(Supplied data)
= Beginning of Section =

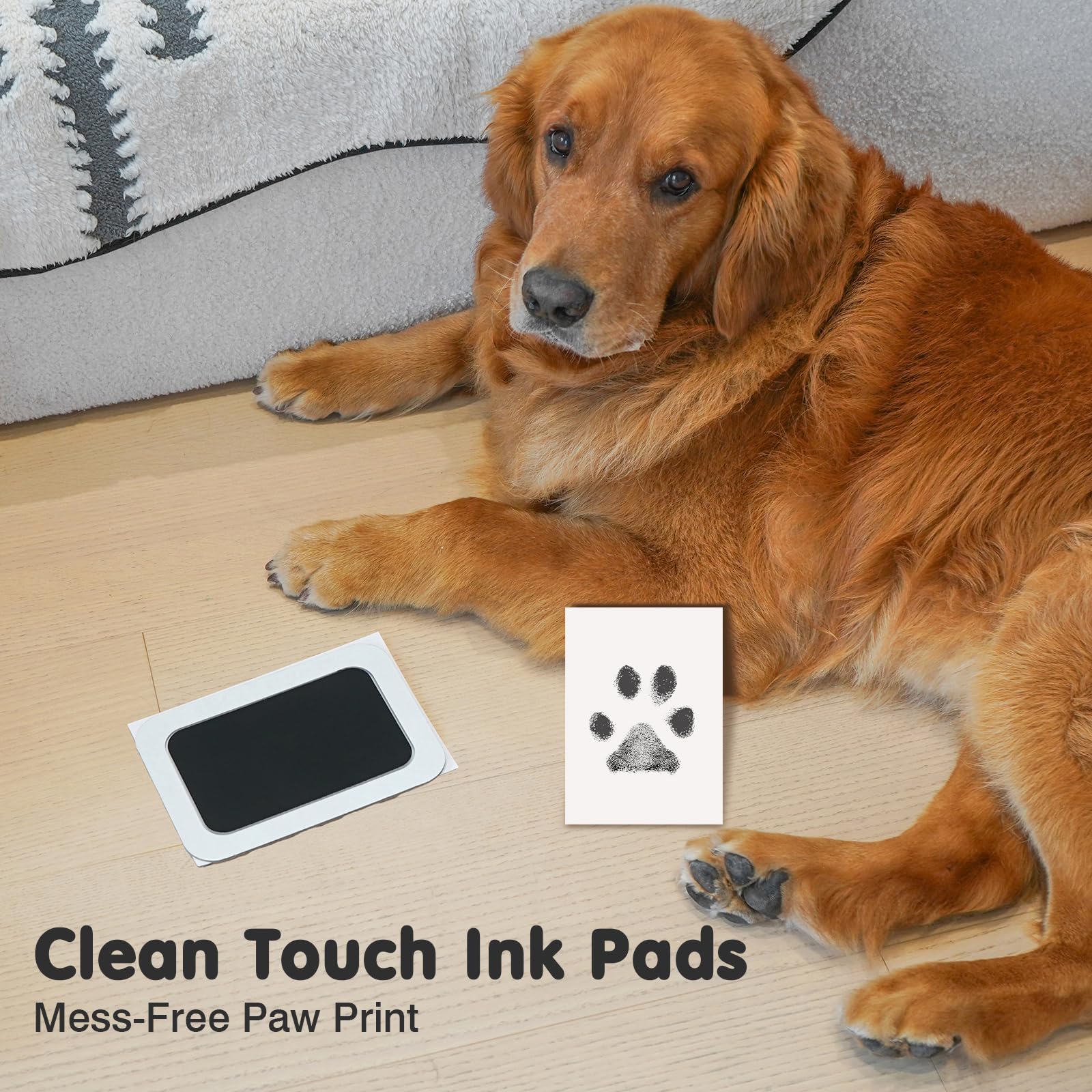 Catose ink pads close-up demonstrates safe, inkless surface for clean paw prints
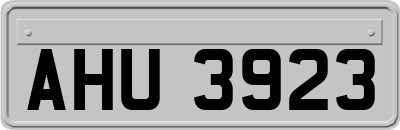 AHU3923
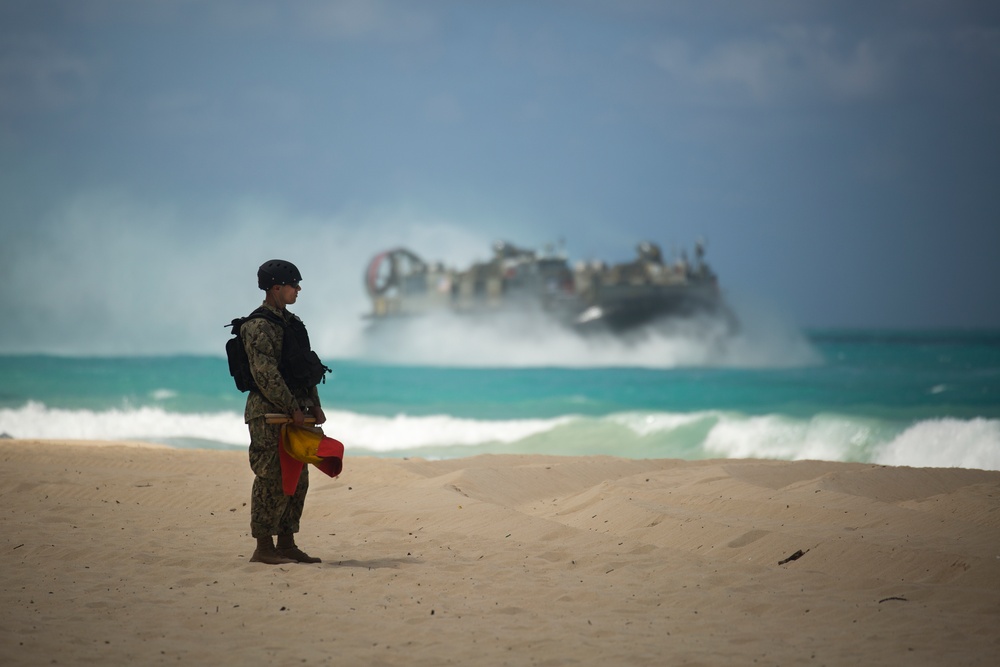 Foreign Military Officers Observe U.S. Marine Corps amphibious landing during PALS 2015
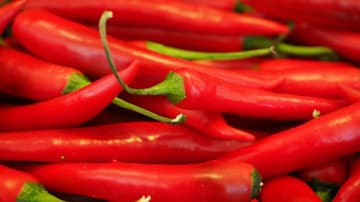 Conoce todo sobre los chiles en el Museo de Historia Natural.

= End of Section =

(Aim of the task) Return an exact copy of the data above, apart from any pictures.

(Exercise solution)
 Catose ink pads close-up demonstrates safe, inkless surface for clean paw prints
 AHU3923
 Foreign Military Officers Observe U.S. Marine Corps amphibious landing during PALS 2015
 Conoce todo sobre los chiles en el Museo de Historia Natural.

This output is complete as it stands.